BEGIN

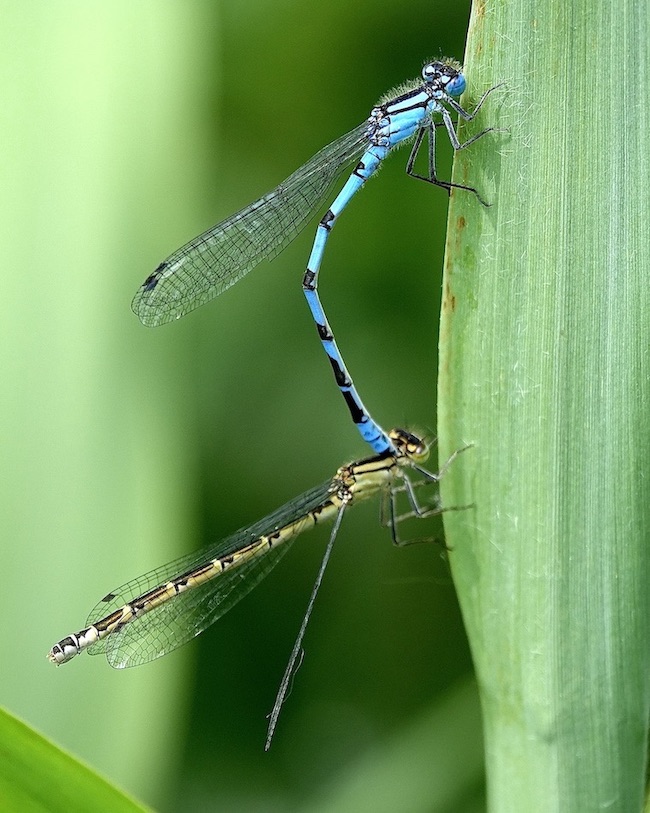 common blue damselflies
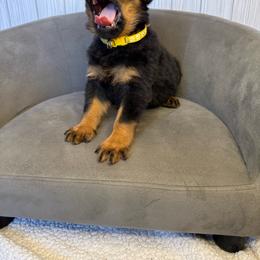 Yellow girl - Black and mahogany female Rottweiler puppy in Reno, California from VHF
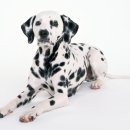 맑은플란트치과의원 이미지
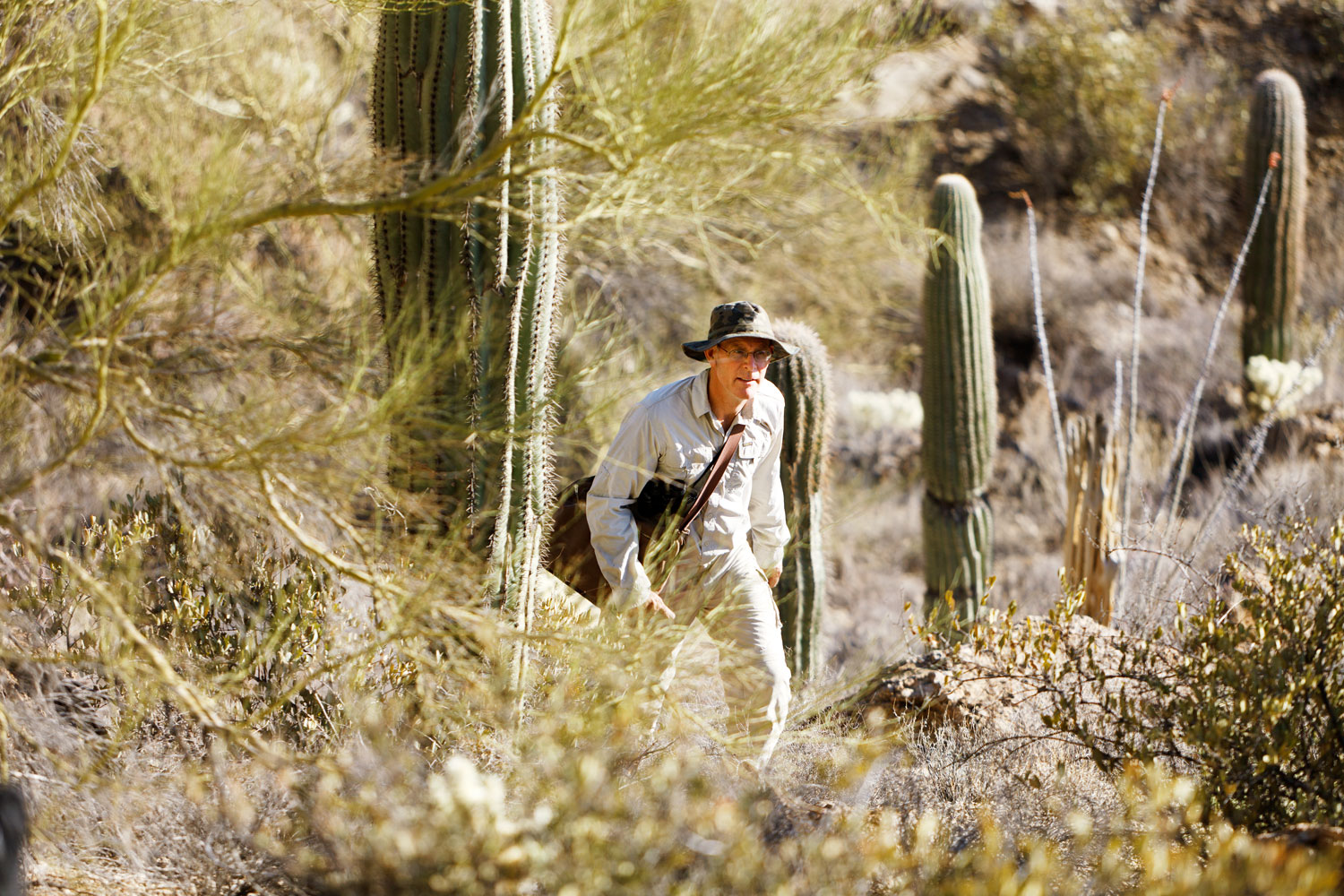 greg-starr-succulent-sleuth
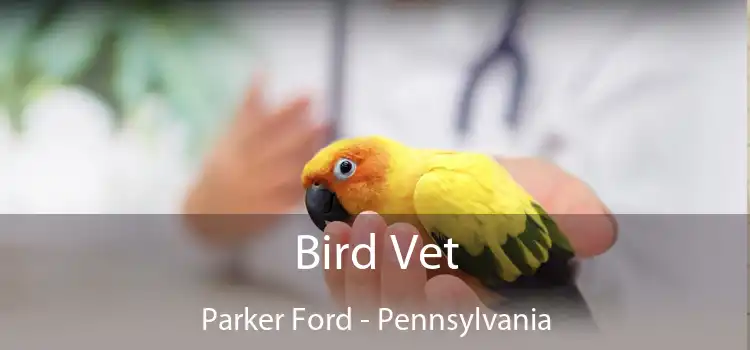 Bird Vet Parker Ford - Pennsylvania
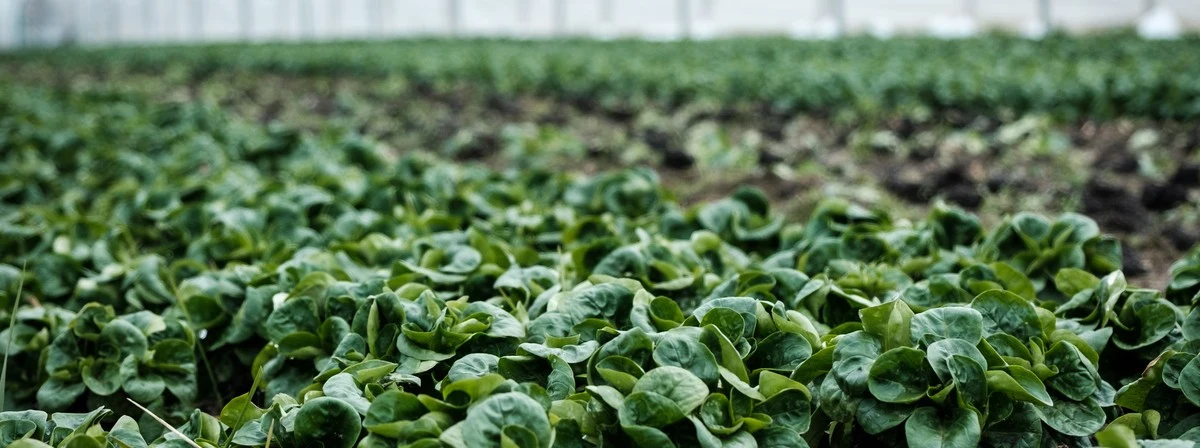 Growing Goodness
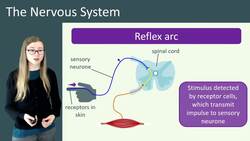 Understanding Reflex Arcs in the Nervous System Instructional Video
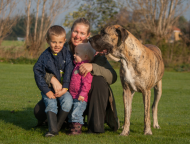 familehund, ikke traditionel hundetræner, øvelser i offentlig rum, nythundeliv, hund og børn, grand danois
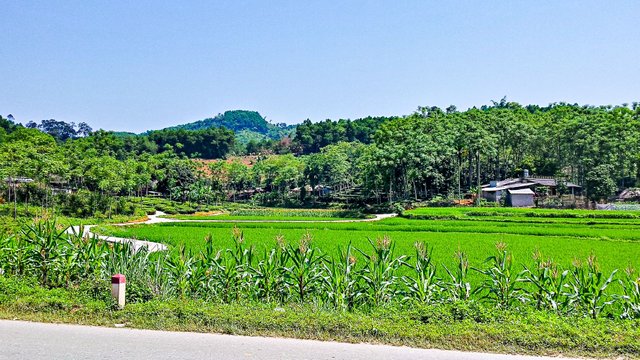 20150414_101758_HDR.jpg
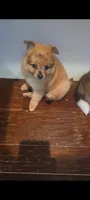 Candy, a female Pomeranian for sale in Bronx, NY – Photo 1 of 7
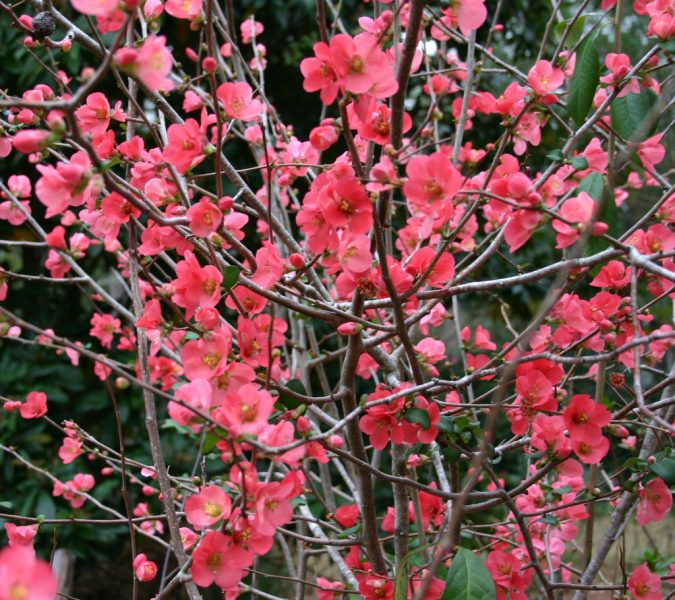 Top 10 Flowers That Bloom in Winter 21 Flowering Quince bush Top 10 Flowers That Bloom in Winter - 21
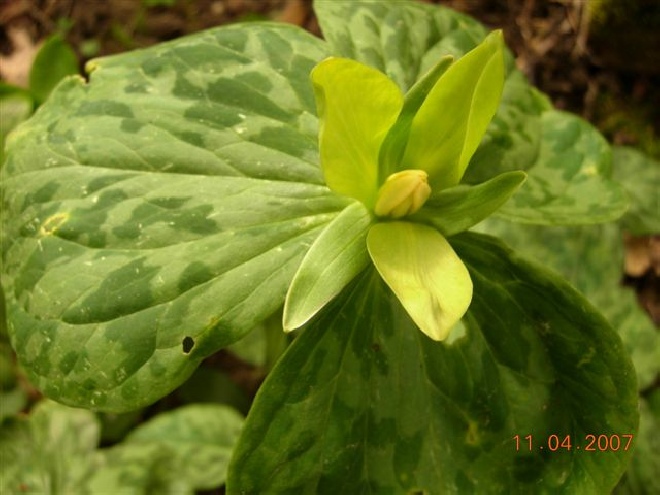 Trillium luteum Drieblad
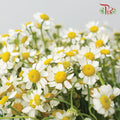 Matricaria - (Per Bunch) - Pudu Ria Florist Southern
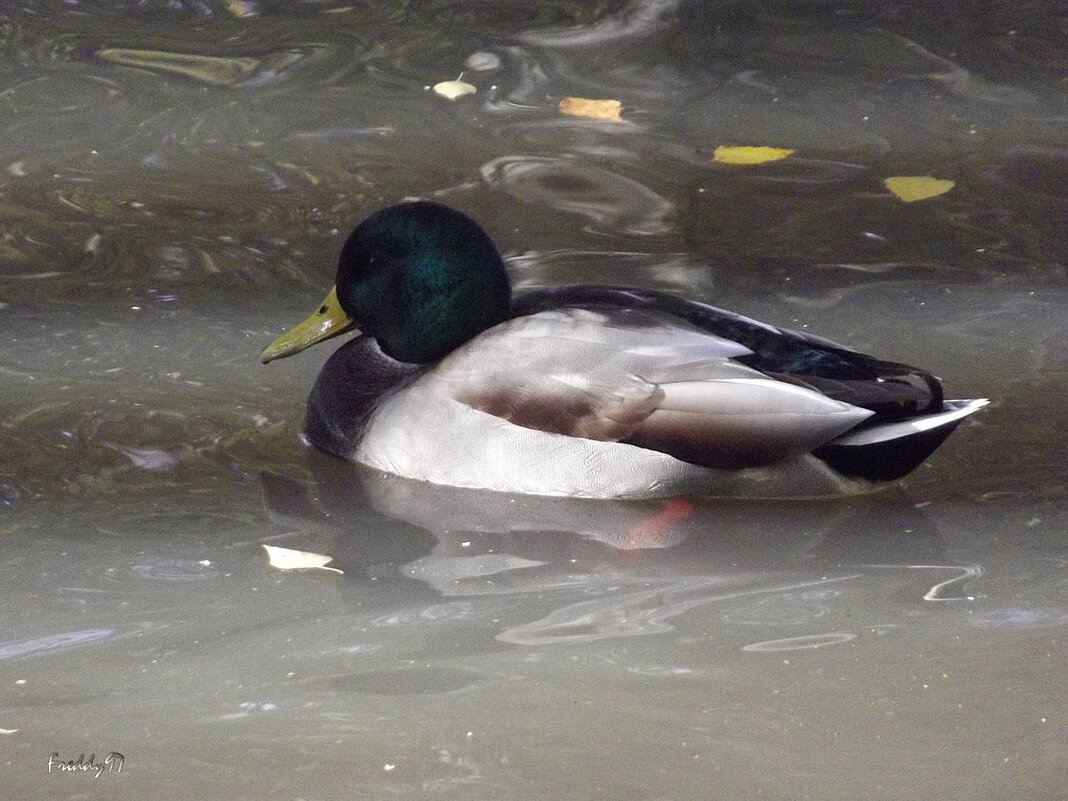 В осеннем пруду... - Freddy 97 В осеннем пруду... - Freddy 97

END

In the entries above, find the line with "Yellow girl - Black" and the line with "Growing Goodness". Write out exactly those two lines and every line between them, pictures excluded.

Written solution.
 Yellow girl - Black and mahogany female Rottweiler puppy in Reno, California from VHF
 맑은플란트치과의원 이미지
 greg-starr-succulent-sleuth
 Bird Vet Parker Ford - Pennsylvania
 Growing Goodness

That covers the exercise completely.